With three million acres in Northern Arizona at high risk for wildfire, the uncertainty also impacts businesses considering relocation.
“How do we attract businesses to Arizona when they are concerned if we are going to have a water supply or if they are concerned about if we are going to have catastrophic wildfires?” Marcus asks. “We need to fix this now and we can. We have the resources. We have the technology. We simply have to exercise the will. The sooner we get started the safer we can make the state.”
Forest products industry returns
Work has already begun with the Four Forest Restoration Initiative, designed to restore and maintain more than 300,000 acres in the Coconino, Apache-Sitgreaves, Kaibab and Tonto forests by using a variety of methods that include thinning and prescribed burning.
“If we want to protect our old growth forests, we have to remove the fuel that is sitting around them,” Marcus says.
He says the forest product industry needs to return to Northern Arizona and reports that timber mills are emerging in Williams.
Advanced technology, like GPS satellite to locate specific small-diameter trees, is streamlining the removal process.
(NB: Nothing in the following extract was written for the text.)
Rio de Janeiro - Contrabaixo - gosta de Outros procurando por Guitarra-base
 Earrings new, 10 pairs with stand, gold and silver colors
“We can use private, commercial business to help us do that thinning to help mitigate the cost of forest thinning,” Marcus says, adding that businesses can take the problem of too many small trees and turn it into an opportunity. “Technology is coming around now to be able to make use of that material. Arizona could be a leader in the biomass industry. We have the resources to do it.”
More to be done
Brossart asks Arizonans to get involved. “Arizonans need to express their support for forest thinning and prescribed burning, reestablishing a forest products industry, adaptive management of treated forest lands and limiting fire borrowing so these projects can be fully funded.”
Fire borrowing is the process of shifting money designated for forest maintenance and restoration and using it for fire suppression. Without the availability of disaster relief funds and with the cost of suppression so much higher than maintenance and restoration, the operational budget is rapidly depleted, leaving little funding for restorative efforts. Forest fire fuel continues to grow, larger fires ensue, and the cycle continues.
“These catastrophic fires are getting worse every year,” Marcus says, “and we have the ability to prevent billions of dollars in damage by spending a few million dollars today.”
He explains that there are bills currently in the legislature to address this problem but no resolution has materialized.
“Don’t minimize calling your representatives,” he says, “That’s how things get changed.”
He says residents should also talk with city officials and state legislators.
“I would like to see the state of Arizona take a leadership role in moving forward for a solution that gets us healthy forests.”
“Only when we get the majority of the people who live in the state to appreciate the importance of this problem will we be able to move in the direction we need to so we don’t have these catastrophic fires,” Marcus says.